Seems students are being tested every time they take a seat in the classroom – annual Academic Performance tests, federal “yearly progress” tests, “Smarter Balanced” tests, SAT, ACT and advanced placement exams.
Those don’t count the constant assessing teachers do to make certain their students are keeping up. After grading all these tests, teachers are required to pass the students to the next grade. Or not.
Why is it that teachers are expected to make such judgments in nine months, but some education reformers feel administrators need 27 months to make similar decisions about teachers?
Touted as a way to give poor performing teachers more time to improve, Assembly Bill 1220 will extend the probationary period for all teachers from two school years to three. It has passed the Assembly (60-5) and goes before the Senate today.

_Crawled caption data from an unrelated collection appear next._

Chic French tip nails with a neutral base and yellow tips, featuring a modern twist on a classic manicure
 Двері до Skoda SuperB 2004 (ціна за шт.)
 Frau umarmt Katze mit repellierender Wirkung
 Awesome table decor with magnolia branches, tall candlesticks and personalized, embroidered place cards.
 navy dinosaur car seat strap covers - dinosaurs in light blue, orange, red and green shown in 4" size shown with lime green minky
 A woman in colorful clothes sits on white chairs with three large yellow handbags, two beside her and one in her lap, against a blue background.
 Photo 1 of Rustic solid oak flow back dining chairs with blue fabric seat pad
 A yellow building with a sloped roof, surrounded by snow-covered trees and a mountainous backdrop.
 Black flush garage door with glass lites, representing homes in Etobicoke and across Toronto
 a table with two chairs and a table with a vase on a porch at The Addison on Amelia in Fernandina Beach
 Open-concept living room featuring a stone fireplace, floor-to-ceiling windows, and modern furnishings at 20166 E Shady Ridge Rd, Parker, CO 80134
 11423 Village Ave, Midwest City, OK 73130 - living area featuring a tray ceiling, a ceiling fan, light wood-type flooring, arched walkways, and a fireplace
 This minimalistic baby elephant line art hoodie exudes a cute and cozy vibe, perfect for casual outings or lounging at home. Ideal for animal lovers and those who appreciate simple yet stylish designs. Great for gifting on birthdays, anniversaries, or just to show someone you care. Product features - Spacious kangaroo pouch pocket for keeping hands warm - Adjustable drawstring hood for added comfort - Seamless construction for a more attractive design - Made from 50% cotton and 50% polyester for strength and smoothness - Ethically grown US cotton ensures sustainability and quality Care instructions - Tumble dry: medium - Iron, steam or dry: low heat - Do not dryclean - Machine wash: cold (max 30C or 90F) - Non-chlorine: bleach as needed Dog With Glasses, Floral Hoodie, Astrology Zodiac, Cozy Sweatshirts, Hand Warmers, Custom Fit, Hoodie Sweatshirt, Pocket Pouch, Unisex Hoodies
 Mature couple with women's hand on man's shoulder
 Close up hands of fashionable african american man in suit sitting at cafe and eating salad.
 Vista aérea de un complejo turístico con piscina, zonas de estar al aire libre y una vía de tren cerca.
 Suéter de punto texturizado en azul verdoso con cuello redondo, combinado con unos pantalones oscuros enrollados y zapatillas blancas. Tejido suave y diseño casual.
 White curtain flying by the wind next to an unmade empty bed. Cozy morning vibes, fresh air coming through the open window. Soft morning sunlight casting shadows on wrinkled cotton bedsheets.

While we don’t doubt the sincerity of many who favor it, we think there’s a very different agenda tucked into this bill. AB1220 will delay granting the so-called tenure that some believe protects bad teachers. But there’s a subtext. A teacher who can be dismissed for almost any reason is a nervous teacher, and less likely to take part in union activities.
Rules to become “permanent” (not tenured) were created to protect teachers from administrators who could fire them for their fashion sense, for asking for a raise or because the superintendent’s nephew wanted the job.
Having “tenure” doesn’t mean bad teachers can’t be fired. Any teacher can be fired for poor performance, dishonesty, drug abuse or even being a communist. All “tenure” provides is the right to know why and to contest it.
“This is another example of trying to scapegoat teachers,” said Assemblyman Adam Gray, one of the five who voted against AB1220. He’s right.
To get a teaching credential requires four-and-a-half years of college then “student teaching” under the supervision of a “master” teacher for another half year. Once they’re on their own in the classroom it gets tougher. Good school administrators put them under even more intense scrutiny with regular classroom visits; they’re required to submit lesson plans, attend grade-level staff meetings and, of course, participate in parent-teacher conferences.
The scrutiny doesn’t end after “permanent” status is achieved, but observations are less frequent.
All this scrutiny isn’t meant to make teachers nervous, but to make certain they’re doing their jobs and doing them well. Seeing a failing teacher, a good administrator will take immediate steps to help them.
In private industry, good managers know soon enough when employees aren’t producing. Most try to bring an employee’s poor performance up to standards. But if they can’t, the employee is gone in six months – not 36. That’s why voters rejected Proposition 74, which would have extended teacher probation to 60 months, in 2005.
The Assembly’s analysis pointed out that enrollment in teacher credentialing programs has dropped 70 percent since 2006. Telling prospective teachers they won’t be secure in their job for three years isn’t enticing.
Bad teachers should not be teaching. But bad administrators – unwilling to adequately monitor teachers and demand improvement – shouldn’t be in charge. A good assistant principal will know all she or he needs to know about a teacher in 18 months. A bad principal won’t know any more in 27 months than he or she did in 18.
Gray calls AB1220 a “disconnect” with the real problems in public education. If you’re worried about performance, suggests Gray, pay teachers better. And don’t tell them it will take three years to get real job security.